UPDATE 1-U.S. crude, fuel stocks fall; imports down-EIA
NEW YORK, March 20 (Reuters) - U.S. crude and refined product inventories fell last week on lower imports, government data from the Energy Information Administration showed on Wednesday.
Crude inventories dropped by 1.31 million barrels in the week to March 15, compared with analysts' expectations for a rise of 2 million barrels. The fall came as crude imports decreased by 219,000 barrels per day (bpd) to 7.27 million bpd.
The draw in crude stocks was the first in nine weeks, according to EIA data.

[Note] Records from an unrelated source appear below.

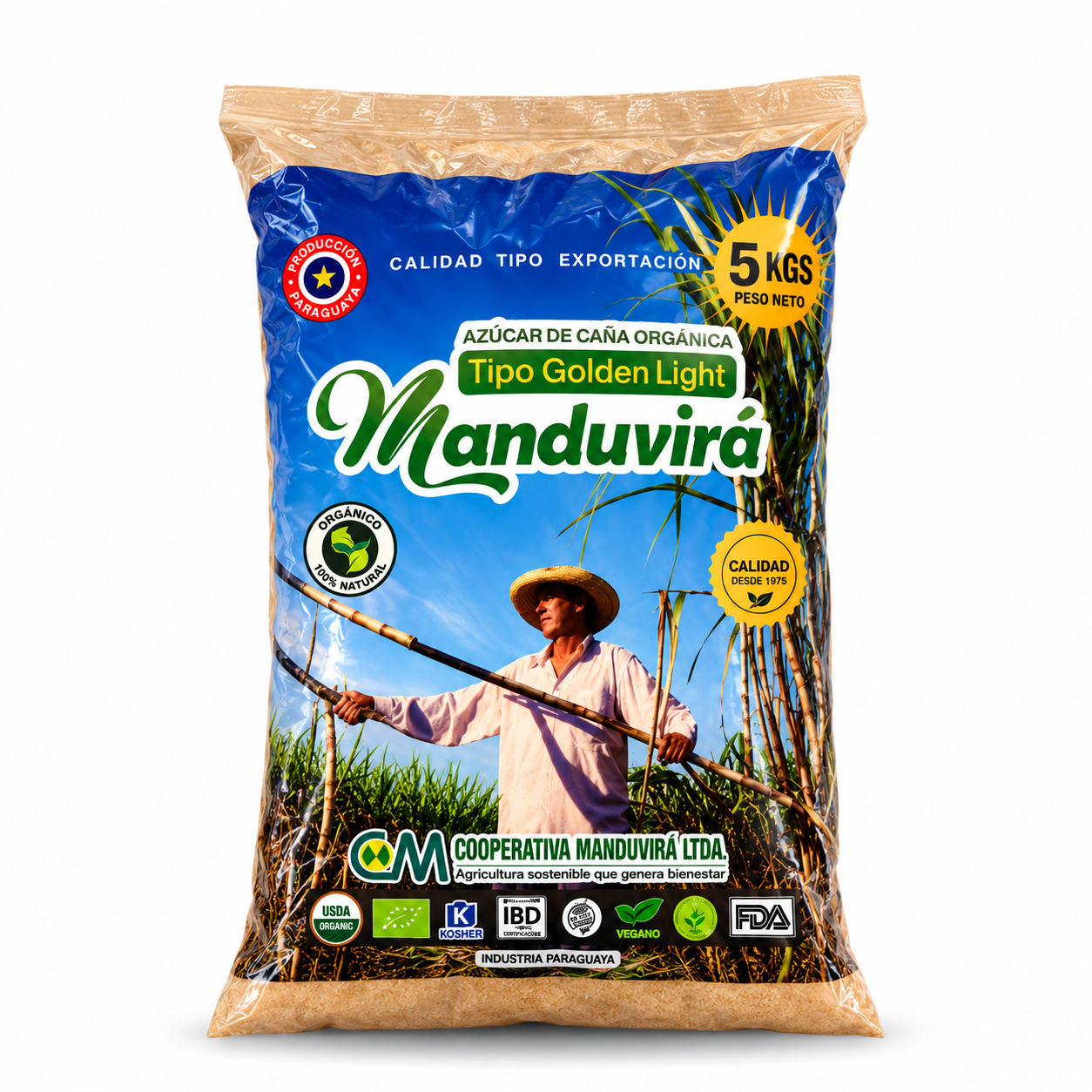 Azúcar Orgánica Manduvirá Golden Light 5 kg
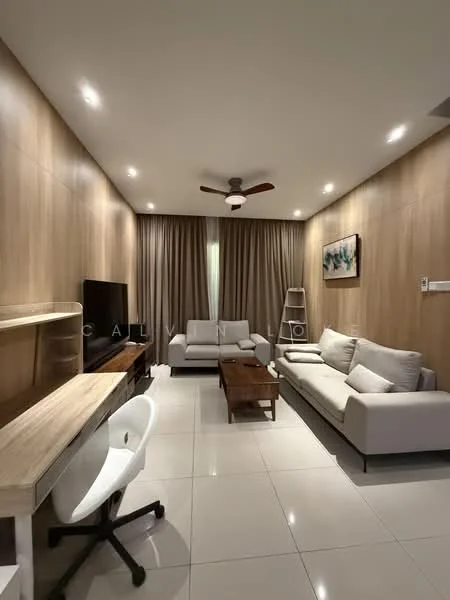 Living features: light wood panelled walls, white painted ceiling, recessed LED downlights, 5-blade ceiling fan with light, large window with sheer curtains, white fabric 3-seater sofa, white fabric 2-seater sofa, wooden coffee table, wooden side table, TV console, wall-mounted TV, study desk with chair; style: modern.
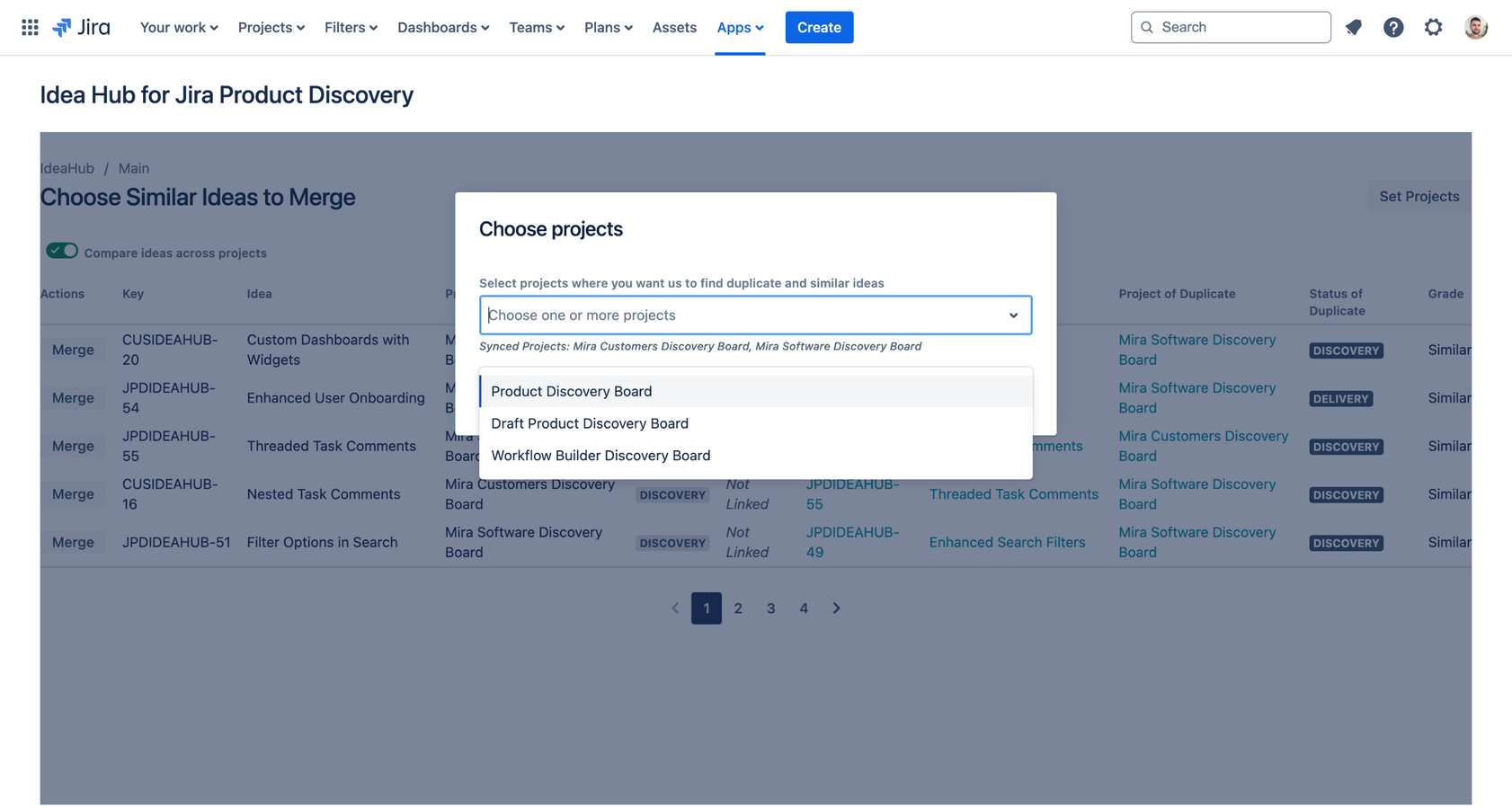 Choose to sync and find similar ideas in new JPD projects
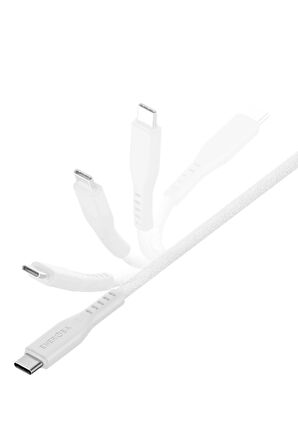 Flow 1.5M 240W Type-C to Type-C PD Hızlı Şarj Kablo - Beyaz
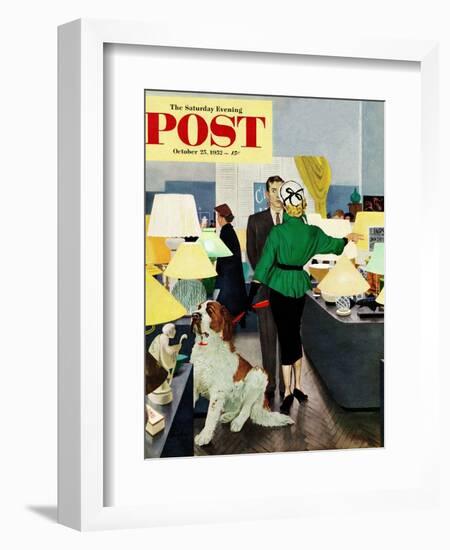 "St. Bernard in Lamp Shop" Saturday Evening Post Cover, October 25, 1952-George Hughes-Framed Giclee Print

The drawdown in crude inventories was due to the West Coast, which had a drop of nearly 2.8 million bpd last week. That decline was partially offset by an increase of almost 2.4 million barrels along the Gulf Coast.
"The big draw on the West Coast offset the bullishness of the overall (crude draw) number. West Coast numbers aren't as important," said Kyle Cooper, director of research at IAF advisors in Houston.
The West Coast market is relatively isolated from regions where supply and demand are more integrated due to pipeline and other logistical links, such as the Midwest and the Gulf Coast.
U.S. refinery utilization rose 2.5 percentage points to 83.5 percent of total capacity, EIA data showed, compared with expectations for a 0.2 percentage point rise.
U.S. imports of refined products fell last week by 639,000 bpd to 1.56 million bpd.
U.S. gasoline stocks fell 1.48 million barrels, compared with analysts' expectations in a Reuters poll of a 2.1 million barrel decline.
Four-week average gasoline demand rose 1.5 percent from year-ago levels, the EIA reported.
Distillate fuels, which include diesel and heating oil, fell by 672,000 barrels, compared with expectations for a drop of 800,000 barrels, the EIA data showed.
Some analysts found the drop in U.S. crude imports surprising.
"(Crude) Imports ... that's a number we haven't seen in years and years. The four-week average of imports at 7.5 million barrels (per day), that's incredibly, incredibly low," Cooper said.
U.S. oil production has recently been rising as a result of the boom in drilling of shale prospects. Still, crude imports from top exporting nation Saudi Arabia rose 294,000 barrels per day (bpd) to top 1.5 million bpd last week, the highest since August, EIA data showed.
U.S. oil futures initially extended gains after the data, but later fell back. By noon EDT (1600 GMT) they were up 29 cents at $92.45 a barrel. Before the data, oil had been up around 36 cents per barrel.
Crude stocks at delivery hub Cushing, Oklahoma, fell 286,000 barrels to 49.03 million barrels.